Disentanglement in Difference: Directly Learning Semantically Disentangled Representations by Maximizing Inter-Factor Differences
Xingshen Zhang, Lin Wang, Shuangrong Liu, Xintao Lu, Chaoran Pang, Bo Yang
TL;DR
The paper addresses the limitation that statistical independence does not guarantee semantic disentanglement in latent representations. It introduces Disentanglement in Difference (DiD), a framework that directly learns semantic differences between latent factors using a Difference Encoder and a contrastive objective, maximizing the distance between factor-induced representations.

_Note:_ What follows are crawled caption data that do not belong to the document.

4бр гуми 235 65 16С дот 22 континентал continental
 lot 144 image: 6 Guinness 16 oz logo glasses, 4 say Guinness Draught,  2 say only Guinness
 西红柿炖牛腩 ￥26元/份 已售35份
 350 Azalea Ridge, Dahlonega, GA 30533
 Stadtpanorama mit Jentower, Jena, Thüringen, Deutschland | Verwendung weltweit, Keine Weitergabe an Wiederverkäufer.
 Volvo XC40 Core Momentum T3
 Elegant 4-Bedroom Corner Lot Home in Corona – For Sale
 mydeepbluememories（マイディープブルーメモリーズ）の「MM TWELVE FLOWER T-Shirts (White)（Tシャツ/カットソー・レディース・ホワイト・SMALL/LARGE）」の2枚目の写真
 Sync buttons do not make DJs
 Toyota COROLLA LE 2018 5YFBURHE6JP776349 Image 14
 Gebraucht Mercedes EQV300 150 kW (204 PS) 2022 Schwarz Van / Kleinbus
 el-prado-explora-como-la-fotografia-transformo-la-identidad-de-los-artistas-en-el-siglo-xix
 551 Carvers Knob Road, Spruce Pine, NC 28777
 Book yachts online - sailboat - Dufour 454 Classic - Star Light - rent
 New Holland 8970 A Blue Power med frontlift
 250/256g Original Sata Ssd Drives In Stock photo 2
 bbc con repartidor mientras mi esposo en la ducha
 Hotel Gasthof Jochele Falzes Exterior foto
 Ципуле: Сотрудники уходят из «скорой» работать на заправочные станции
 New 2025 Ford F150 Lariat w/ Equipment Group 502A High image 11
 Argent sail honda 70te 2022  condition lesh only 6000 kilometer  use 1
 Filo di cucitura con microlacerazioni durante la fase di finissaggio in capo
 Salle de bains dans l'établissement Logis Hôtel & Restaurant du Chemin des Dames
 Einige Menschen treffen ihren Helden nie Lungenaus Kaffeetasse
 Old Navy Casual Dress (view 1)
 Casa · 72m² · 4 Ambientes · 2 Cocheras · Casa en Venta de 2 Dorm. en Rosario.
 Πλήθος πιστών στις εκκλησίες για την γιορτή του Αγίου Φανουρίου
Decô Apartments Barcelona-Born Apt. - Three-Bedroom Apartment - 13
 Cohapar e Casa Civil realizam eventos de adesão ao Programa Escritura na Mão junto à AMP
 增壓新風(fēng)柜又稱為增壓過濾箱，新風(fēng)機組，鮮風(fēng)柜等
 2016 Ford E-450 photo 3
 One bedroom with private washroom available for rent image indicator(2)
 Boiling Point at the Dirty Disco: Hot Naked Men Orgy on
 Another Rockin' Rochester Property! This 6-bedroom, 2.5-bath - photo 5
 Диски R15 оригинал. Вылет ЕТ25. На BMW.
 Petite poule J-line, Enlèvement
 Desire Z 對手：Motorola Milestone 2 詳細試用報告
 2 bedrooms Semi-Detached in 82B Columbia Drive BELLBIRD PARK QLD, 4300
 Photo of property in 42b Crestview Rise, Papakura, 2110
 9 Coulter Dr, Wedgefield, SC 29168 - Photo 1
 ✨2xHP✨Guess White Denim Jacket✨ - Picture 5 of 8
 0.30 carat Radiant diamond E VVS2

The architecture combines a Sample Generation Paradigm, a Difference Encoder, and a Samples Encoder, with losses L_G, L_H, and L_enc under a WGAN-GP training regime. Empirical results on dSprites and 3DShapes show state-of-the-art disentanglement across MIG, DCI-D, and SAP, and ablations confirm the necessity and effectiveness of learning semantic differences.
Abstract
In this study, Disentanglement in Difference(DiD) is proposed to address the inherent inconsistency between the statistical independence of latent variables and the goal of semantic disentanglement in disentanglement representation learning. Conventional disentanglement methods achieve disentanglement representation by improving statistical independence among latent variables. However, the statistical independence of latent variables does not necessarily imply that they are semantically unrelated, thus, improving statistical independence does not always enhance disentanglement performance. To address the above issue, DiD is proposed to directly learn semantic differences rather than the statistical independence of latent variables. In the DiD, a Difference Encoder is designed to measure the semantic differences; a contrastive loss function is established to facilitate inter-dimensional comparison. Both of them allow the model to directly differentiate and disentangle distinct semantic factors, thereby resolving the inconsistency between statistical independence and semantic disentanglement. Experimental results on the dSprites and 3DShapes datasets demonstrate that the proposed DiD outperforms existing mainstream methods across various disentanglement metrics.